(Short descriptive text snippets)
────────────────────
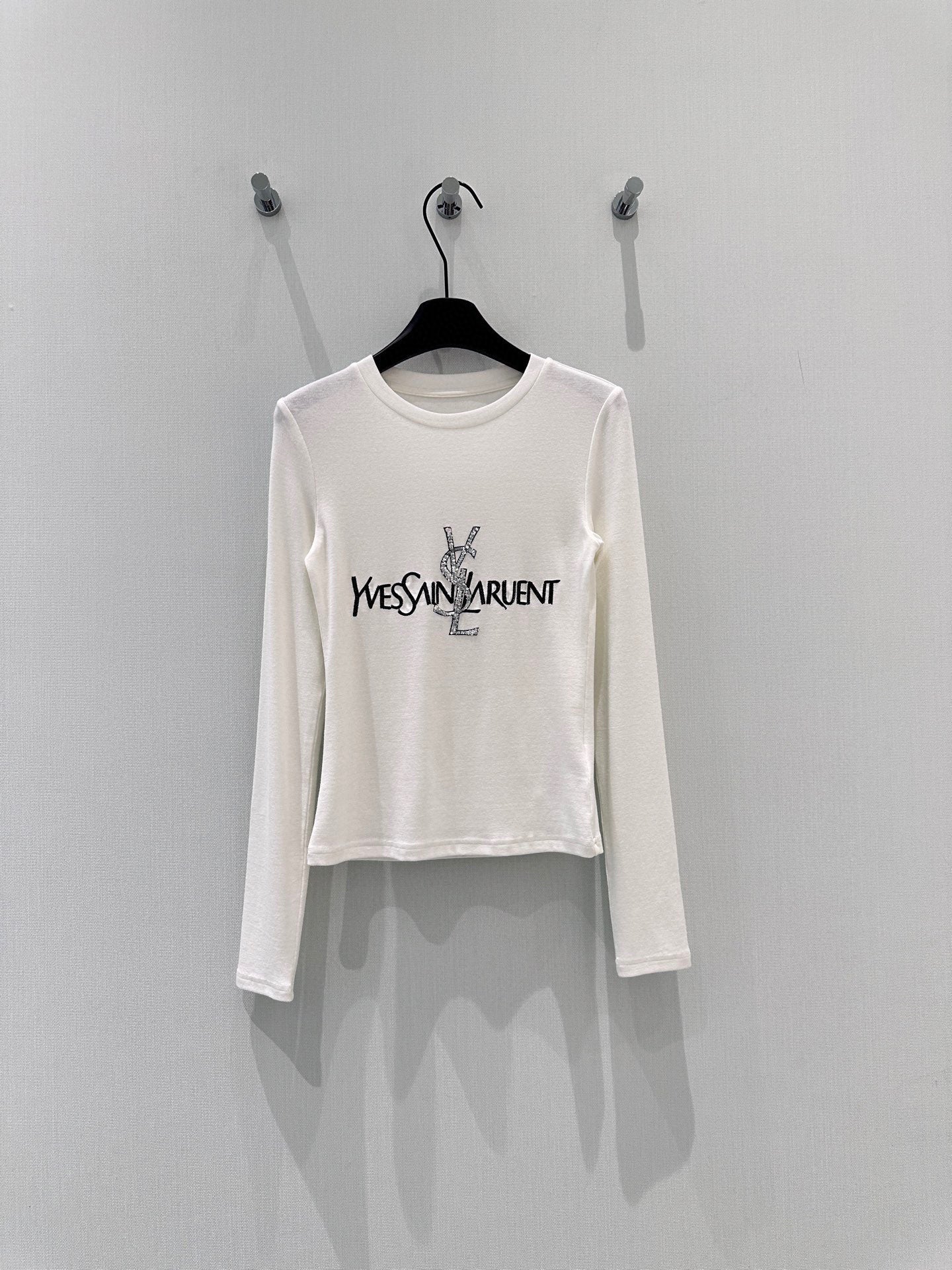 26 NEW long-sleeved T-shirt
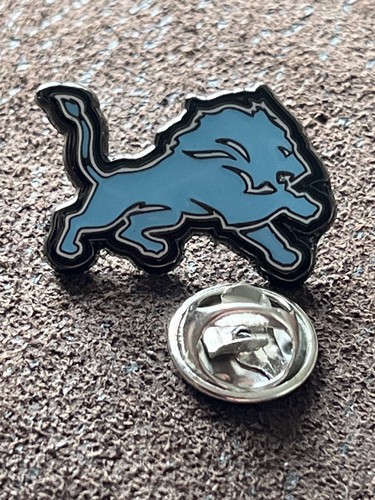 Detroit lions stunning nfl - detroit,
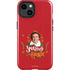 Elf Smiling is my Favorite iPhone 15 Impact Case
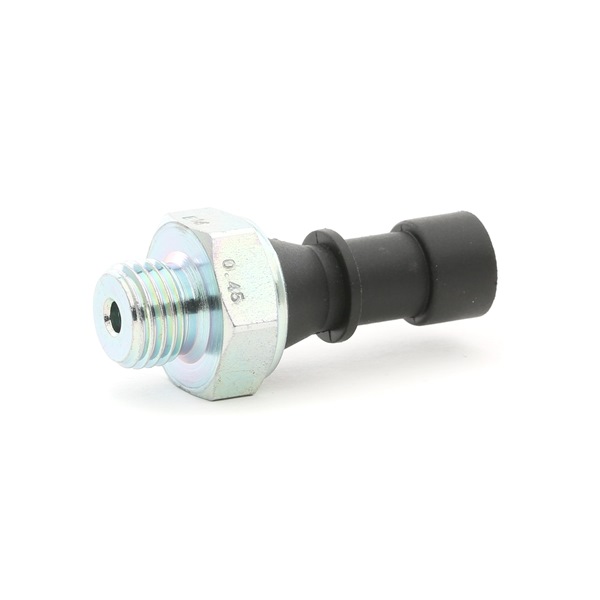 Oliedruksensor (V40-73-0001) van VEMO Voor OPEL Corsa B Hatchback (S93) 1.4 i 16V (F08, F68, M68) (63 KW / 86 PK / Van 1997)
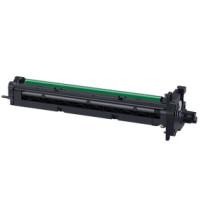 Tambor original samsung mlt r708 negro 200.000 páginas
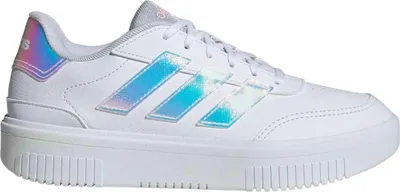 Produktbild von Adidas Sneakers JI2205 in Multicolored color size 36 2/3
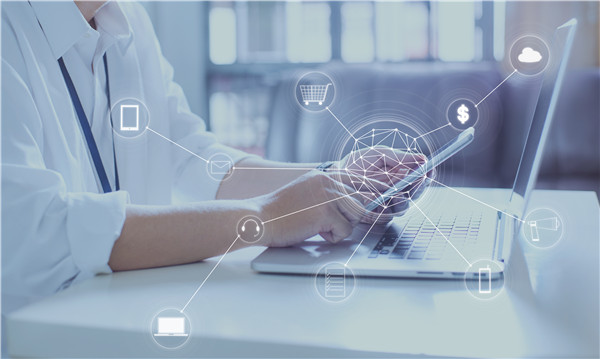 群发短信如何正确测试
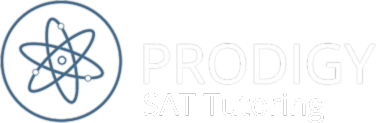 Prodigy SAT/ACT Tutoring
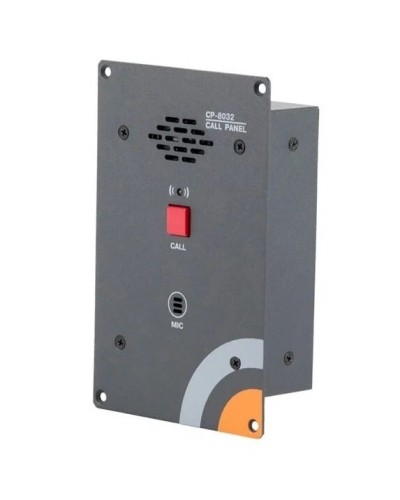 CP-8032i. Панель системы обратной связи. ROXTON в Златоусте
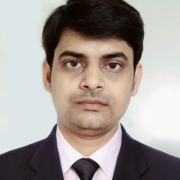 Abhijit Dey - PeerSpot reviewer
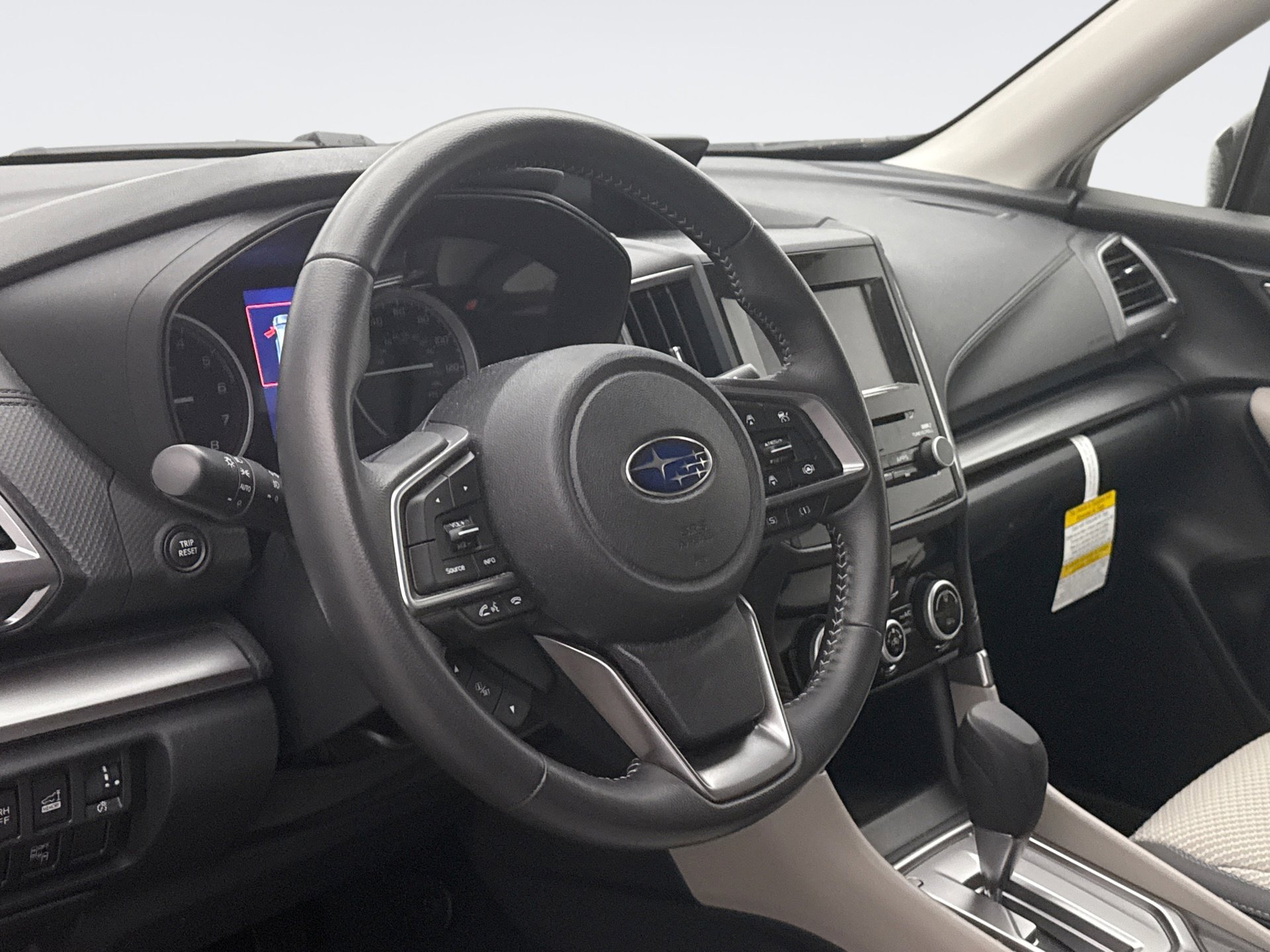 Used 2022 Subaru Forester Premium AWD/4WD image 7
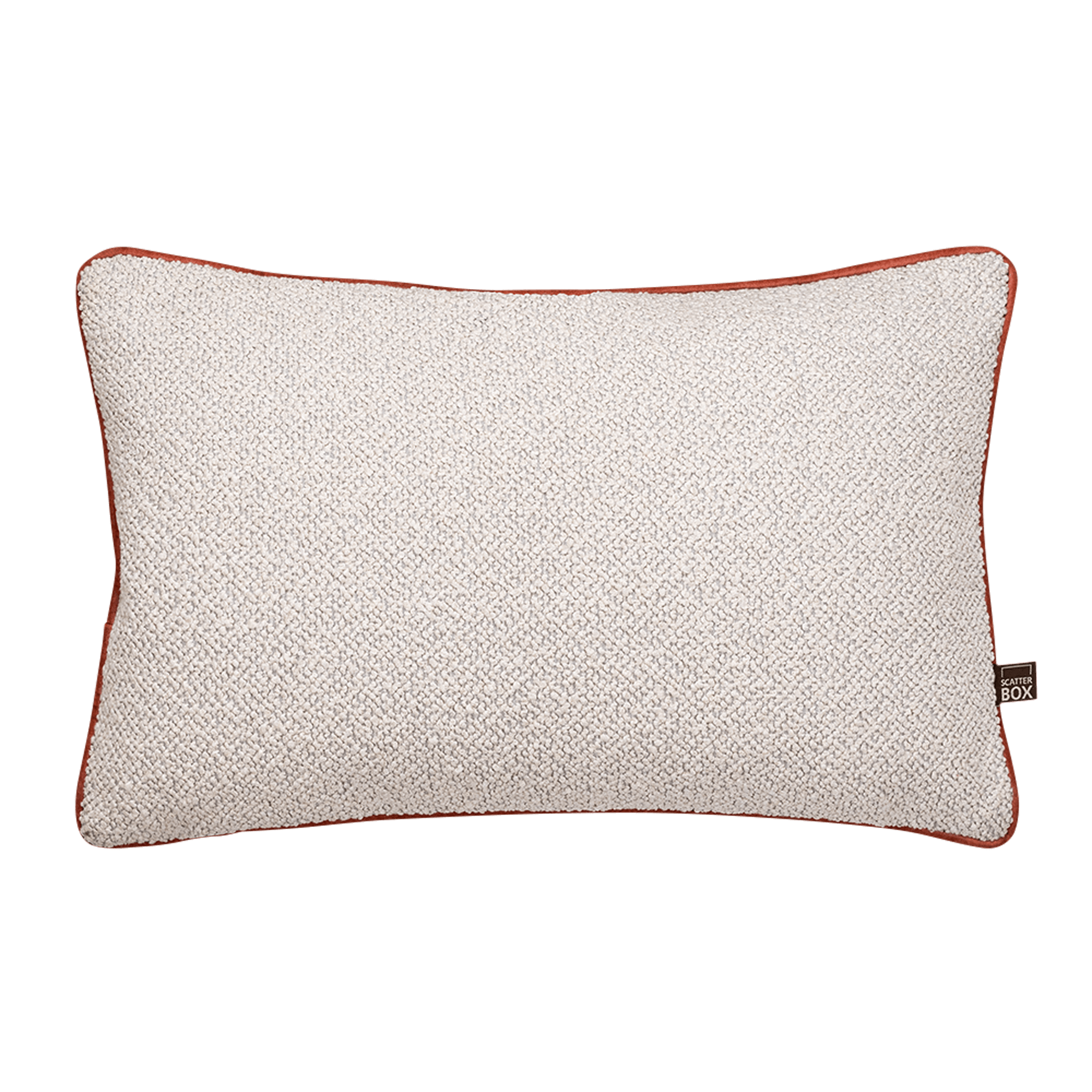 Leighton Cushion (Sold in 2's)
────────────────────
**What needs to be done:** From the line containing "Prodigy SAT/ACT Tutoring" to the last line of the records, inclusive, output the lines exactly as written and nothing else; leave out the pictures.

**Completed exercise:**
 Prodigy SAT/ACT Tutoring
 CP-8032i. Панель системы обратной связи. ROXTON в Златоусте
 Abhijit Dey - PeerSpot reviewer
 Used 2022 Subaru Forester Premium AWD/4WD image 7
 Leighton Cushion (Sold in 2's)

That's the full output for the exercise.